WORK ITEM: Beneath this sentence is a listing. Return its lines from the one containing "Screenshot gameplay DAY777" through the last, exactly, and omit the pictures.

DATA PROVIDED:
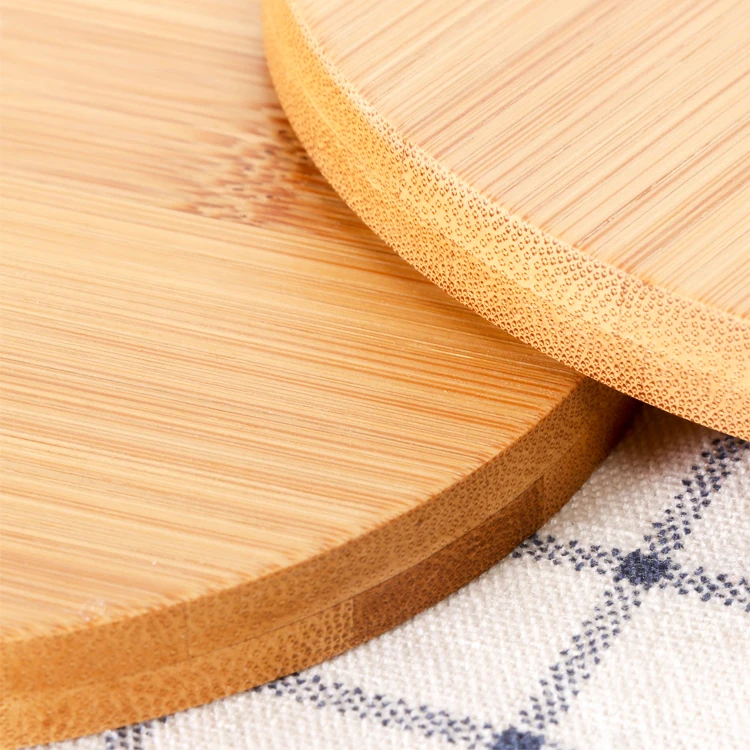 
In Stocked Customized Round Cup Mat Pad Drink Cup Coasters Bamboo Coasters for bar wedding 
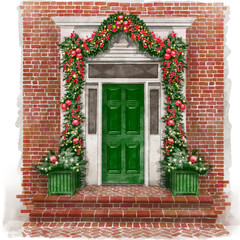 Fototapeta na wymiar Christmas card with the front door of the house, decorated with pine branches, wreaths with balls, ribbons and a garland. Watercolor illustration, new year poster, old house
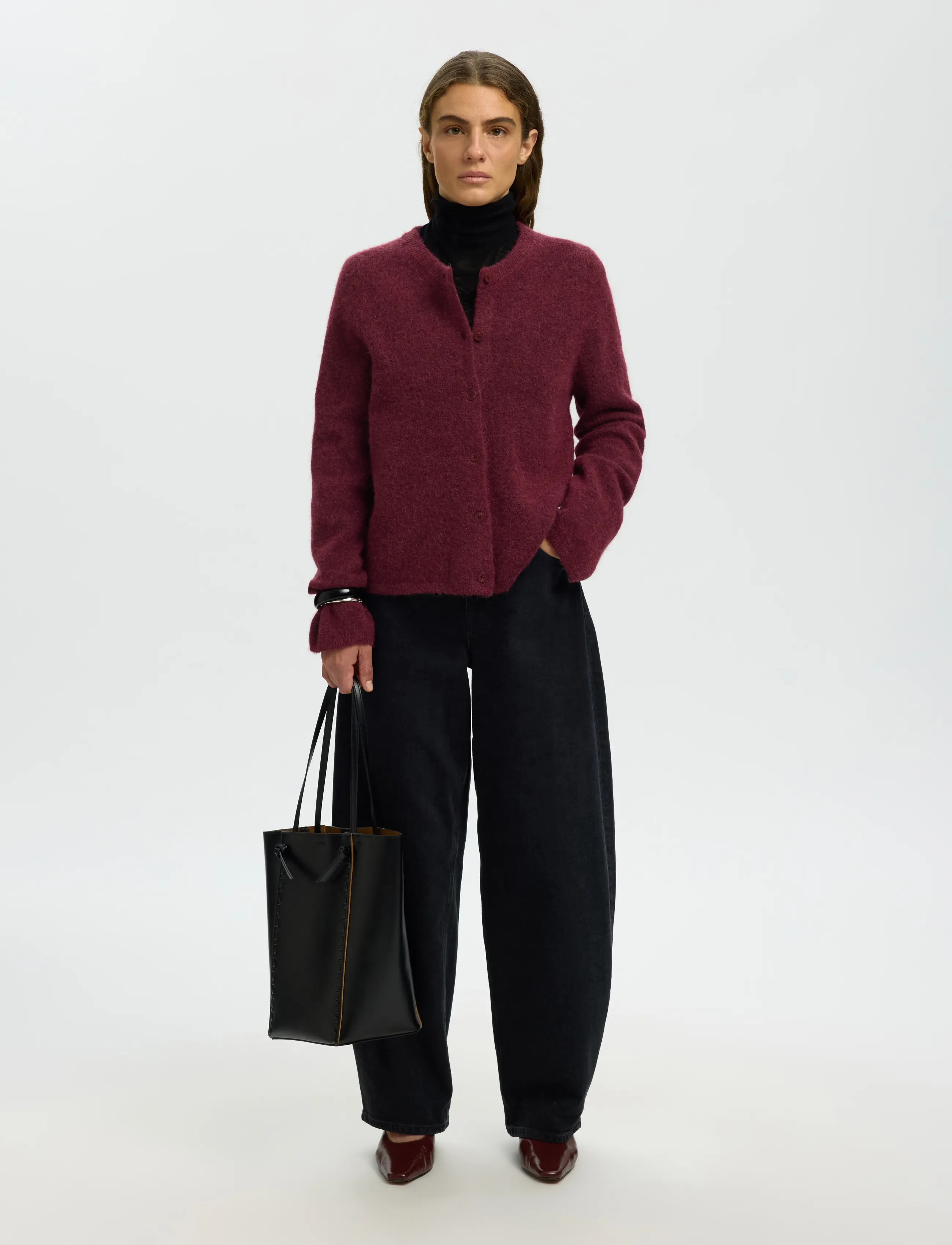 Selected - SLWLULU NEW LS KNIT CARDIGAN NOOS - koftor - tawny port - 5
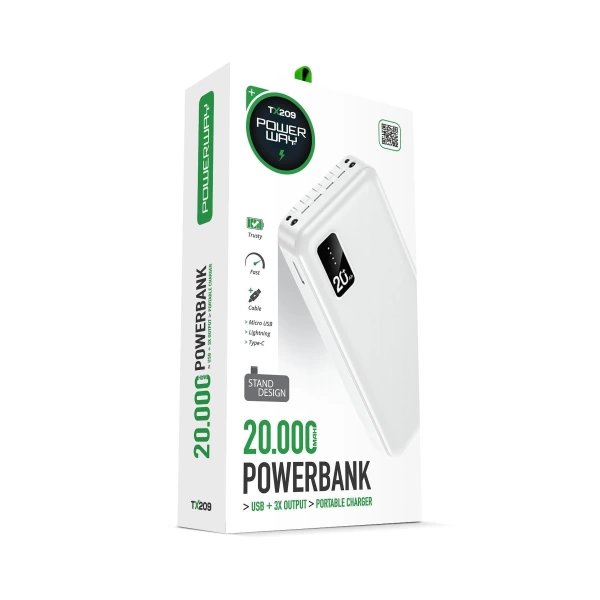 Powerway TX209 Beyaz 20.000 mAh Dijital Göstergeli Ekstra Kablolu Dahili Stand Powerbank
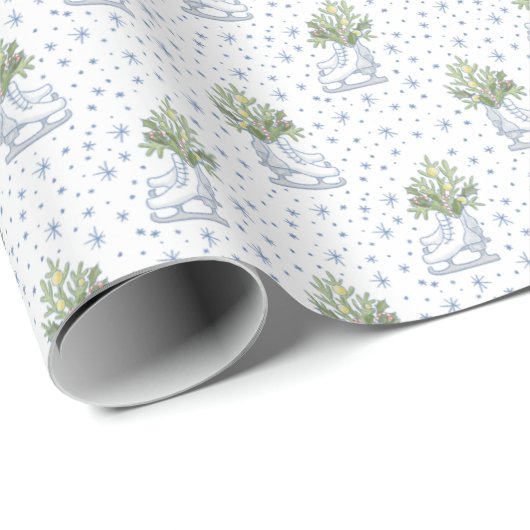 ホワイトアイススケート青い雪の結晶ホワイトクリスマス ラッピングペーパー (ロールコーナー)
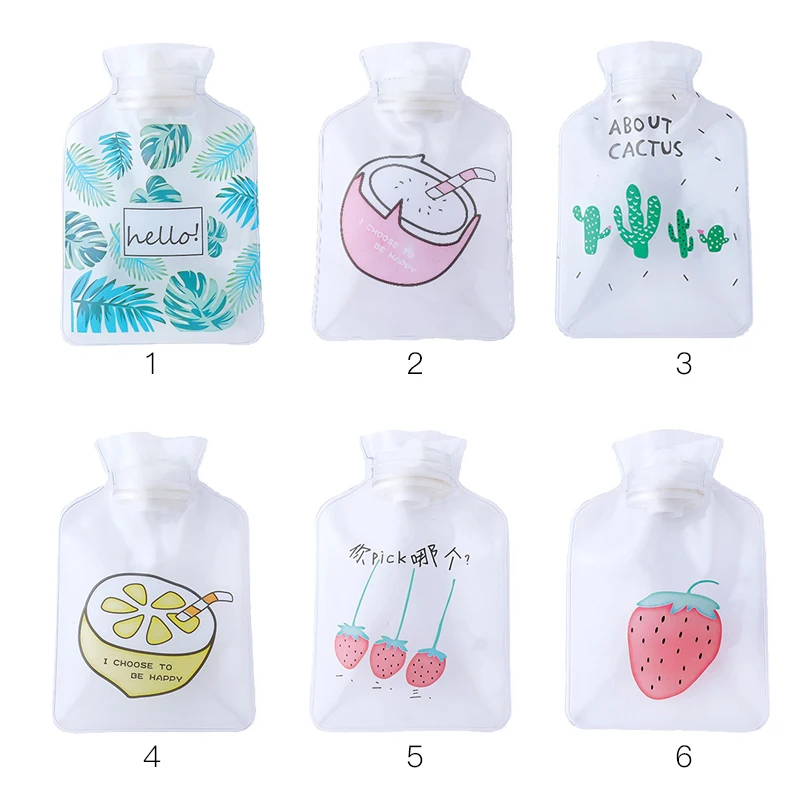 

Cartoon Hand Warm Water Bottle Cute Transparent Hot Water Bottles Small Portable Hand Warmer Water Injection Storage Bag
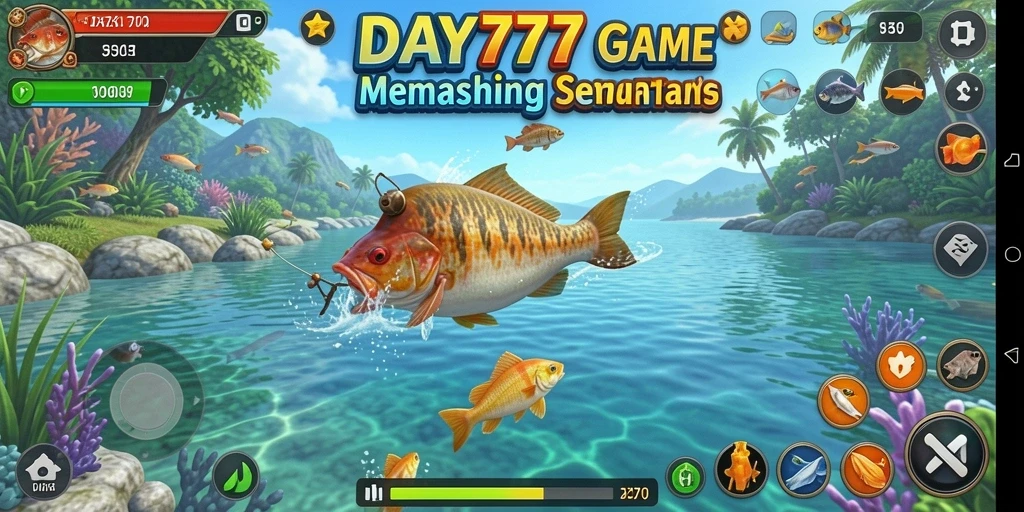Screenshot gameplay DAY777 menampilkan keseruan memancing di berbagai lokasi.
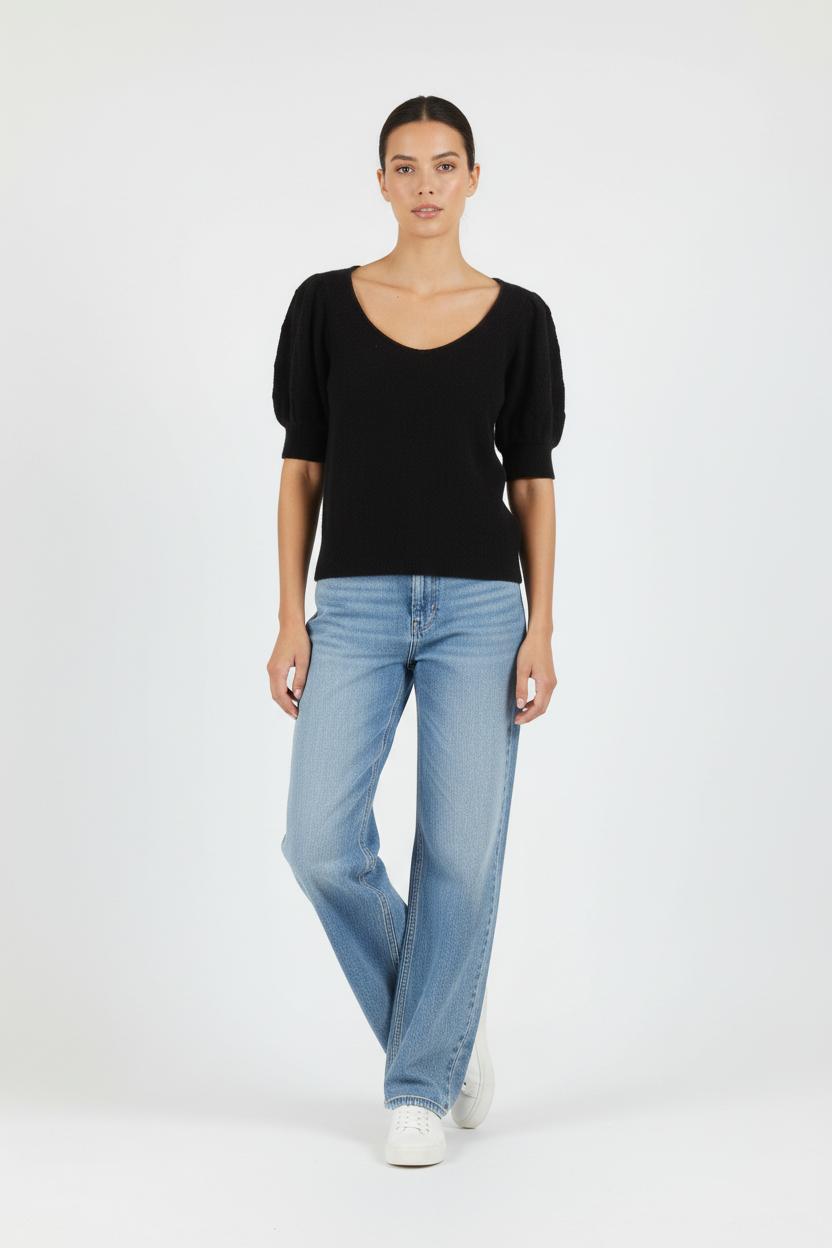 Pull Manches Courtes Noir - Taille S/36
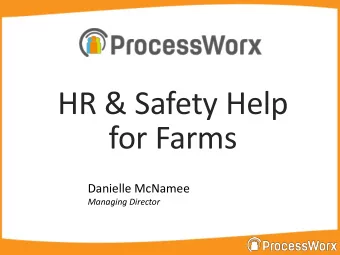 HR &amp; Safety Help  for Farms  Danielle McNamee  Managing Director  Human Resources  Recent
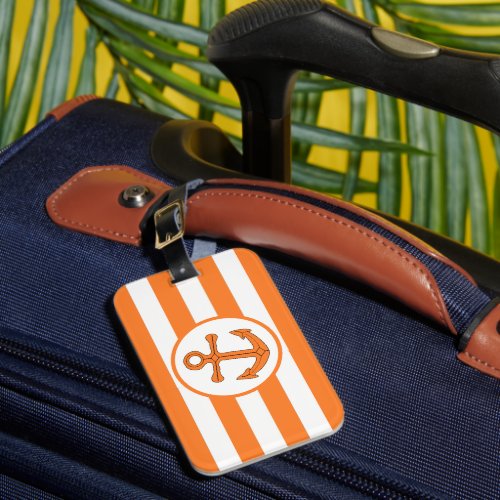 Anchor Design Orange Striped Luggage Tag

RESPONSE TO THE TASK:
Screenshot gameplay DAY777 menampilkan keseruan memancing di berbagai lokasi.
 Pull Manches Courtes Noir - Taille S/36
 HR &amp; Safety Help  for Farms  Danielle McNamee  Managing Director  Human Resources  Recent
 Anchor Design Orange Striped Luggage Tag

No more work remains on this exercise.